- 100g butter, plus extra for the tin
- 200g digestive biscuits
- 375g mascarpone
- 420g full-fat cream cheese
- 150g icing sugar, plus 2 tbsp for the strawberries
- 1 vanilla pod, seeds scraped, pod reserved
- 225ml double cream
- 600g strawberries, hulled, larger ones cut in half
- 1 tbsp balsamic vinegar
- 10 shop-bought mini meringues
- edible flowers to decorate (optional)
- Butter a 20cm springform cake tin and line the base with baking parchment. Put the biscuits in a plastic bag and use a rolling pin to bash them into crumbs – or blitz in a food processor. Melt the butter, then stir it into the biscuit crumbs, mixing thoroughly. Tip into the tin, press down to create a firm layer and put in the fridge for 1 hr to set.
- Using an electric whisk, beat the cheeses, sugar, vanilla seeds and a pinch of salt until thick and smooth. Pour in the double cream and whisk until only just combined. Spoon the filling onto the base, smooth the top and return to the fridge for at least 4 hrs or overnight.

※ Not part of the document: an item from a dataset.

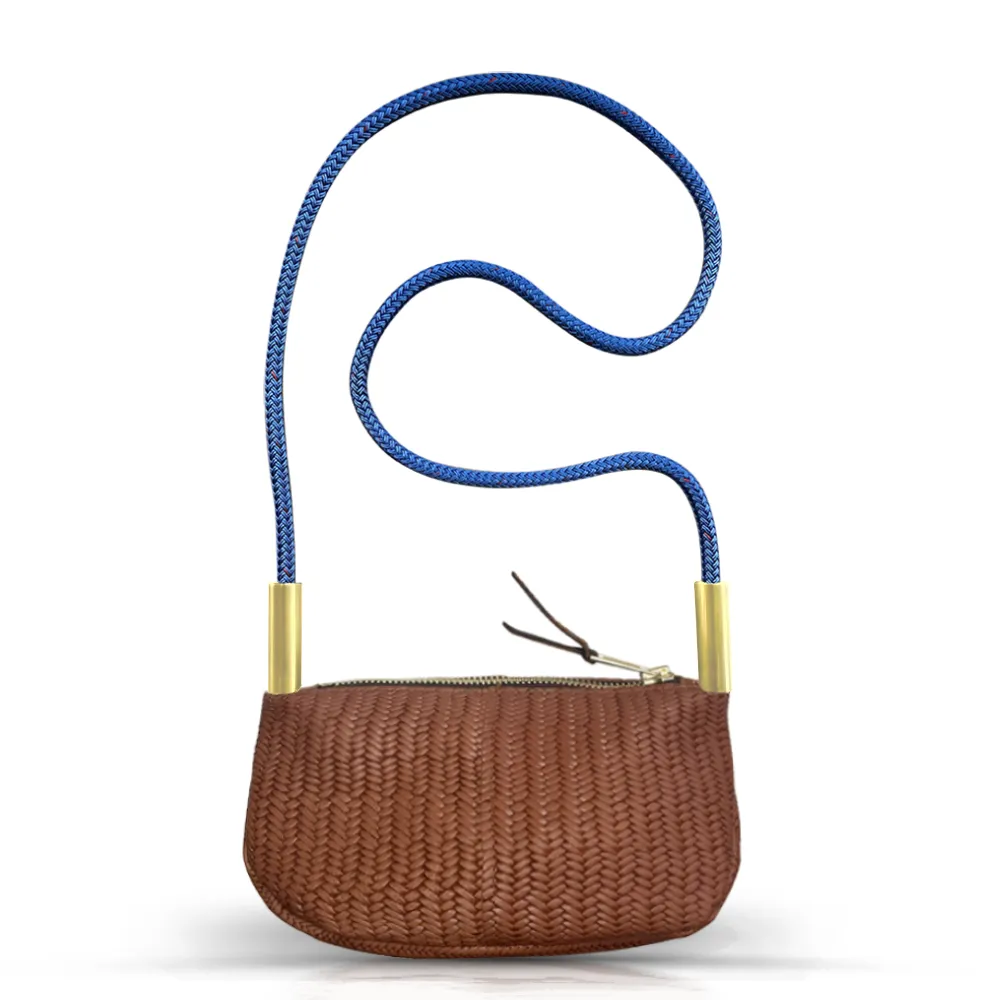 Zip Crossbody in Brown Basketweave Leather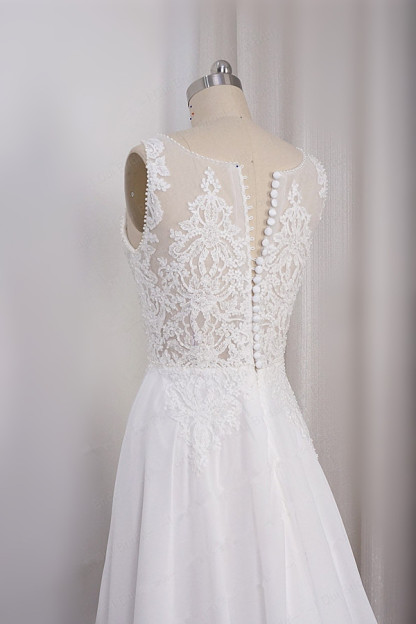 Elegant Long V-neck Chiffon A-Line Appliques Lace Wedding Dress - YESBABYONLINE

- Half an hour before serving, put the strawberries in a bowl with 2 tbsp icing sugar, the balsamic and scraped vanilla pod. Mix once, then leave the strawberries to soften slightly and release their juices. Push 1/4 of the strawberries through a sieve along with the juices to create a thick purée – or blitz in a food processor.
- To serve, run a knife around the outside of the cheesecake, release it from the tin, then top with the strawberries dotted with the meringues, crushing some as you go. Drizzle over the purée and decorate with flowers, if using.